Alors, quelles sont les critiques contre la CPI ?
Elle est trop lente.
Non. Les faits jugés datent de 2002 et ont été jugés en 2012, avec entre temps maints actes de procédures, de difficultés surmontées liées à l’aspect international – à commencer par l’identification des victimes et le recueil des témoignages – et ont été rendues de nombreuses décisions lors de l’instruction, décisions qui étaient elles-mêmes soumises à appel. Trop long ? La CPI a jugé plus vite l’affaire Lubanga Dyilo que la France pour l’amiante, et aussi vite que l’affaire AZF à Toulouse.
Elle ne s’occupe de l’Afrique.
Oui, mais. Elle est, pour le moment, saisie uniquement dans des affaires africaines, et en règle générale par les gouvernements qui transfèrent une affaire à la CPI. Mais il ne faut pas en tirer des conclusions top hâtives. La CPI est une cour permanente qui s’inscrit dans le travail effectué par la Tribunal Pénal International pour l’Ex-Yougoslavie (TPIY). Les deux juridictions sont jumelles, et si la CPI avait été crée plus tôt, on lui reprocherait d’être une cour pour l’Europe, car le TPIY a rendu une centaine d’arrêts ! Nous verrons comment le futur gouvernement afghan négociera la reprise d’un pouvoir souverain, mais en l’état actuel, il garde la possibilité de dénoncer devant la CPI les crimes commis par les troupes US, devenues occupantes, et ce malgré les accords bidons d’immunité que fait signer un gouvernement US aux abois.
Elle agit contre le Soudan et la Lybie, qui n’ont pas ratifié le Statut.

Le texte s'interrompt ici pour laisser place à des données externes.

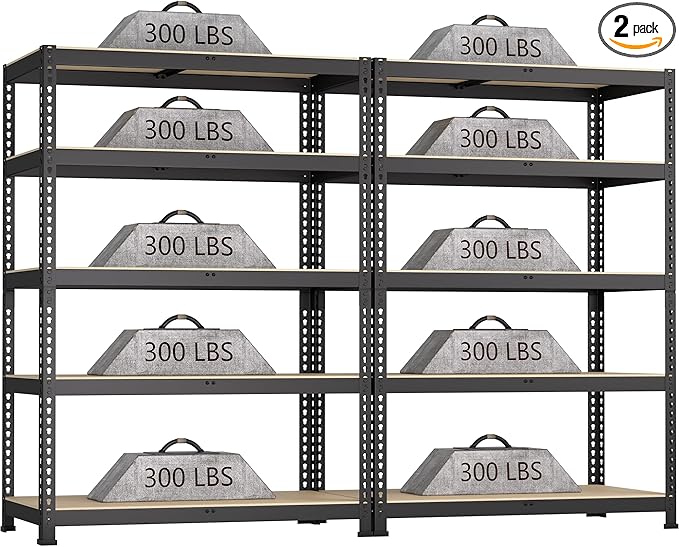 2 Packs 35.5" W x 16" D x 71" H Adjustable Garage Storage Shelves by BuxWellBang
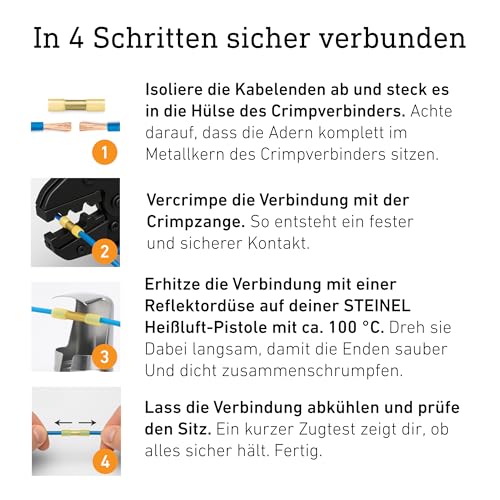 Steinel 6648 Crimpverbinder Ø 1.5 - 2.5 mm, 10 Stück, mit Innenkleber, wasserdicht-isoliert, stoßfest, wärme-schrumpfend, Blau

Non. Dans ces deux affaires, c’est le Conseil de Sécurité qui joue le double standard. Le Statut lui permet de saisir la CPI d’une affaire, même quand l’Etat n’a pas ratifié le Statut, et il abuse de cette possibilité, avec des choix très partisans. Et comme ces procédures sont artificielles, elles ne marchent pas, et deviennent des boulets pour la CPI. Le mandat contre Béchir sera impossible à mettre en œuvre sans bouleversement au sein du pays, et ce mandat fige la vie politique autour du cas Béchir. Pour la Libye, c’est la honte : Kadhafi, loin d’être protégé par le justice, a été abattu dans des conditions atroces, et le nouveau gouvernement défie l’autorité de la Cour en refusant de transférer le fiston malgré un mandat d’arrêt. En réalité, le Conseil de Sécurité abuse de ses pouvoirs – comme toujours – car il veut discréditer la CPI qui sera un jour un contre pouvoir, car elle, elle respecte le droit.
La Cour n’a rien fait pour la Palestine.
Oui, mais. D’abord, il ne faut pas confondre la Cour et le Procureur. Pour le moment, le dossier est chez le Procureur, et le Cour n’a aucun moyen pour s’en saisir d’office. Ensuite, le Procureur a un motif tout trouvé pour attendre : en novembre 2009, l’Assemblée Générale de l’ONU a homologué le rapport Goldstone. Elle a dit que les faits devaient être jugés, mais qu’il fallait privilégier le jugement par les juridictions locales, en Israël et en Palestine, car la CPI n’avait qu’un rôle subsidiaire. Une commission a été désignée pour suivre les efforts effectués sur place, et elle devra tôt ou tard déposer son rapport pour dire que, pour des raisons bien différentes, le jugement par les juridictions locales est impossible. L’affaire reviendra alors au Procureur, qui devra transmettre à la Cour, et nous verrons alors ce que sera la réponse de la Cour.
Les préoccupations de la Cour sont déconnectées du réel.
Non. Dans l’affaire Lubanga Dyilo, elle rend un jugement de la plus grande importance sur les droits des enfants, à travers la question des enfants soldats. Ce sont les droits des enfants « pour de vrai ». Mais je vous en dirai plus quand j’aurai lu les 624 pages du jugement.